Your copy must hold every line of the records word for word. It must hold no pictures.

........

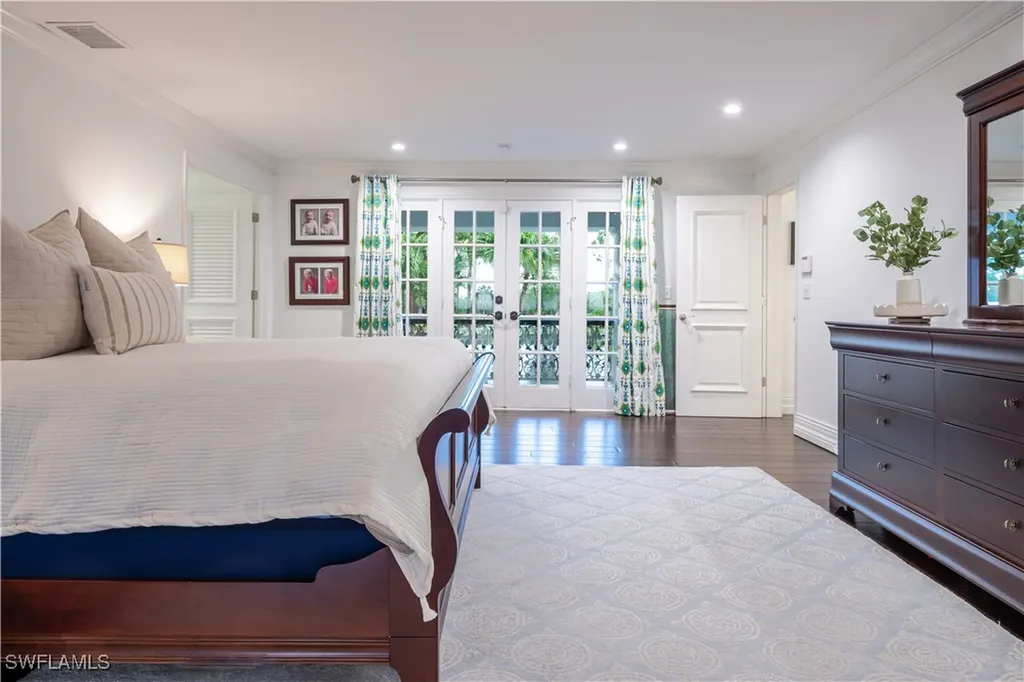 13189 Valewood Drive Naples FL 34119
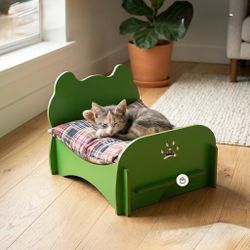New Dog-/-cat wood bed with pillow new in box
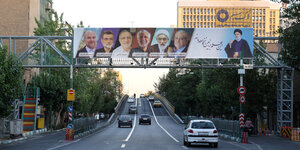 Wahlplakate über einer Strasse im Iran
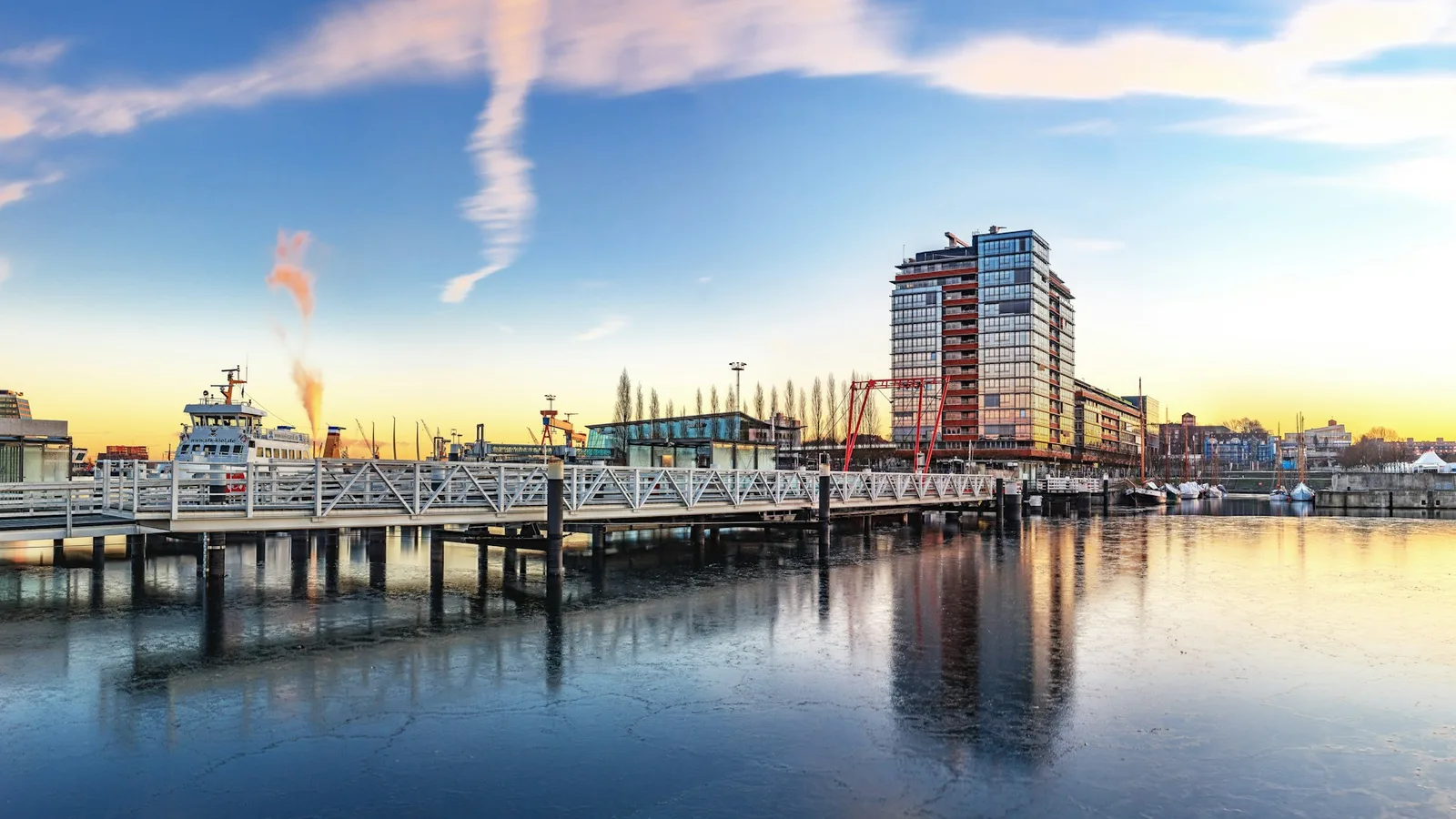 Hafen an der Kieler Förde – Zahnmedizinstudium in Kiel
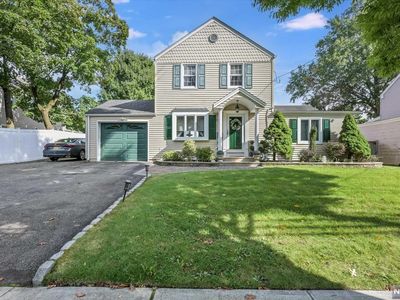 396 Spring Valley Rd, Paramus, NJ, 07652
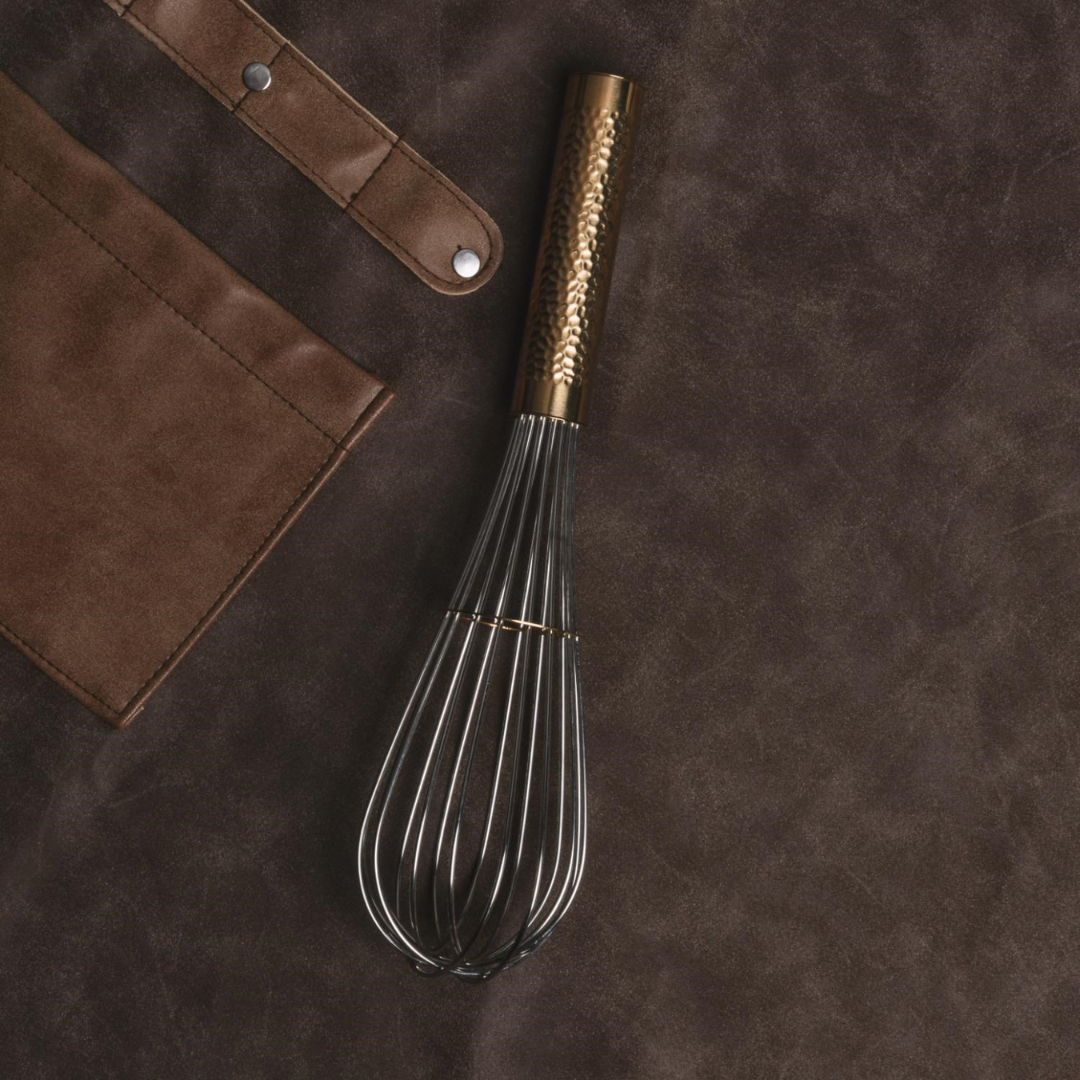 FROST - Bundle mit Schneebesen und Messlöffeln (Messing)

........

# Answer box
 13189 Valewood Drive Naples FL 34119
New Dog-/-cat wood bed with pillow new in box
 Wahlplakate über einer Strasse im Iran
 Hafen an der Kieler Förde – Zahnmedizinstudium in Kiel
 396 Spring Valley Rd, Paramus, NJ, 07652
 FROST - Bundle mit Schneebesen und Messlöffeln (Messing)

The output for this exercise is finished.